The other three are laughing about it and asking me where I got to. We join the cordon and very soon I’m escorting a man to the door of his house. His house is the only house in the street who’s windows haven’t been damaged in the blast. They had left all windows and doors open before the bomb went off. I later find out the man in question is a player for the Republican Army and piece together the fact that he looked like he’d just had a bath. It was common after an incident to wash your clothes and yourself. Sometimes the clothes were caught in mid spin during a follow up by the RUC or Army and the washing machine would be confiscated with the water still in the machine for forensics.
For some reason the press were here a lot quicker than expected which makes me think they knew about this.
Arnie’s just swiped the barrel of his SA80 at a juvenile who taunting us.
“Ah bet you shit yourselves.
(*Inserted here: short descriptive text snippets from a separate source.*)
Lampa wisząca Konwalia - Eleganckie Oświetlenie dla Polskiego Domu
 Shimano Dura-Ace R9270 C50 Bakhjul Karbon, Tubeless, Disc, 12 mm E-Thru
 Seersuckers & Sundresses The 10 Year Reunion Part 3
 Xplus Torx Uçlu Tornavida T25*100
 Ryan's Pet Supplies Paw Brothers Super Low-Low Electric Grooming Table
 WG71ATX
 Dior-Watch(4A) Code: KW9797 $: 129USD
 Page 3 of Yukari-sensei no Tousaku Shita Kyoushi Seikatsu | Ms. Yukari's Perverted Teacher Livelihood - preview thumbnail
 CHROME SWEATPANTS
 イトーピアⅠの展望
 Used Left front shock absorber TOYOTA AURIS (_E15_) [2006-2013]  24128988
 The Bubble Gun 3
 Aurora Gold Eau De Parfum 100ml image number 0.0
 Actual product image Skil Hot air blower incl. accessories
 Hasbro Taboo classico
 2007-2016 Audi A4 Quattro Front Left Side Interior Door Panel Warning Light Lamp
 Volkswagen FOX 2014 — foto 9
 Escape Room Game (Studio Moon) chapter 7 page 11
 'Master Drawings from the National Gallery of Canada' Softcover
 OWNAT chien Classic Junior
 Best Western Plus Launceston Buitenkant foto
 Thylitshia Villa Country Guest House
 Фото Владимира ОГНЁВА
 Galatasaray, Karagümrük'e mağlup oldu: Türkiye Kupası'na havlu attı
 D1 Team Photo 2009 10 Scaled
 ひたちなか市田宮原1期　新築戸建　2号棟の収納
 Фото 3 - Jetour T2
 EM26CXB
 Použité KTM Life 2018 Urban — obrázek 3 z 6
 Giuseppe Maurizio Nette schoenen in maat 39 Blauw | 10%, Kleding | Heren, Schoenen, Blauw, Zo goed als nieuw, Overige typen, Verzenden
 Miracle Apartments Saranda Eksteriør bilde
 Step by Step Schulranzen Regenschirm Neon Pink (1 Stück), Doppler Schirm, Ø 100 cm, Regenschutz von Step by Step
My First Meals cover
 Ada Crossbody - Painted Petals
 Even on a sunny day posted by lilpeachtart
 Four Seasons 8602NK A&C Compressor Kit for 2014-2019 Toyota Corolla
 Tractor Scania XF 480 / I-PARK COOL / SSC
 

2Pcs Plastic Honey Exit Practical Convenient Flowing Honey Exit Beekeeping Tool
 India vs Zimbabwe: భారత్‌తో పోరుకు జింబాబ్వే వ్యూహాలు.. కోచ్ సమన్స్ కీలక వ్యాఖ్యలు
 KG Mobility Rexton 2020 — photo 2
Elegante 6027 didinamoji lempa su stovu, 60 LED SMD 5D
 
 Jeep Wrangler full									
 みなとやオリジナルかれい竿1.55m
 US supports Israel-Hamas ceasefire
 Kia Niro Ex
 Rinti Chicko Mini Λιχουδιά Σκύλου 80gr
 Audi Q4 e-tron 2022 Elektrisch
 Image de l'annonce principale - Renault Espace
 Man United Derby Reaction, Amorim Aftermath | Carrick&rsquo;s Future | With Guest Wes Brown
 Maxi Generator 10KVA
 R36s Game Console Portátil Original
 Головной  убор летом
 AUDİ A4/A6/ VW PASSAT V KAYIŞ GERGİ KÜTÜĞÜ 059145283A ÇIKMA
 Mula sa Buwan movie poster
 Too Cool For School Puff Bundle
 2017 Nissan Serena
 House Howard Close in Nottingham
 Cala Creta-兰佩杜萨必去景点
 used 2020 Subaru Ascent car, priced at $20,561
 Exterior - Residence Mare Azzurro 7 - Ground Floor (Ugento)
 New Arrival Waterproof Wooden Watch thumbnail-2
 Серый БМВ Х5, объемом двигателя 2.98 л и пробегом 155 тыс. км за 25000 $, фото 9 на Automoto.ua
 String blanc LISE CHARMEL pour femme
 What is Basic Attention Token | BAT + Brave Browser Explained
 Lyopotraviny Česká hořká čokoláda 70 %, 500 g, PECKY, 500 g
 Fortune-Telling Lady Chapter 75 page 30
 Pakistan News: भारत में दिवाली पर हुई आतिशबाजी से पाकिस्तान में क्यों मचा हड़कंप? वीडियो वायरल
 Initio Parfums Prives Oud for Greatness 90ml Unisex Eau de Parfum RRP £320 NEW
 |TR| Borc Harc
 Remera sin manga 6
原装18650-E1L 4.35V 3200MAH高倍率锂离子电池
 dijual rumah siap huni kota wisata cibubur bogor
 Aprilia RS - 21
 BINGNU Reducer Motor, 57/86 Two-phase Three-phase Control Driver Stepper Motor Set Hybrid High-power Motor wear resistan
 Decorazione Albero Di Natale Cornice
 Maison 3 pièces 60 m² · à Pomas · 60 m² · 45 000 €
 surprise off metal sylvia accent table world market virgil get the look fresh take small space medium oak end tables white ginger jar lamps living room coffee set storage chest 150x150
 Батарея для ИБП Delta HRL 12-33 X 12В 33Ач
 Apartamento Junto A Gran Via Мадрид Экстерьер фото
Ha ha!” The kid’s on the other side of the orange tape and he brings the flash eliminator of the barrel over the kid’s face and a Sergeant pushes the kid back.
We are later sent behind the row of houses to provide in depth support for the clearance operation. We are still high off the experience. Soon we’re back in Girdwood Barracks and our hearing is tested by the doctor who says it has improved. I am given a sleeping tablet and told to take a warm shower. Instead I lean against the blast walls outside of our accommodation and smoke a Cafe Crème. It’s 0114hrs and I’m up again in five hours to go on patrol in the same area. The next afternoon after my second patrol of the day I phone the Fiancé up and tell her about the ordeal. She berates me for calling her while the character Sammy drowns on Neighbours. I’m naturally angry and leave the conversation to head to the NAAFI – I’ve got another hour before the briefing for my third patrol.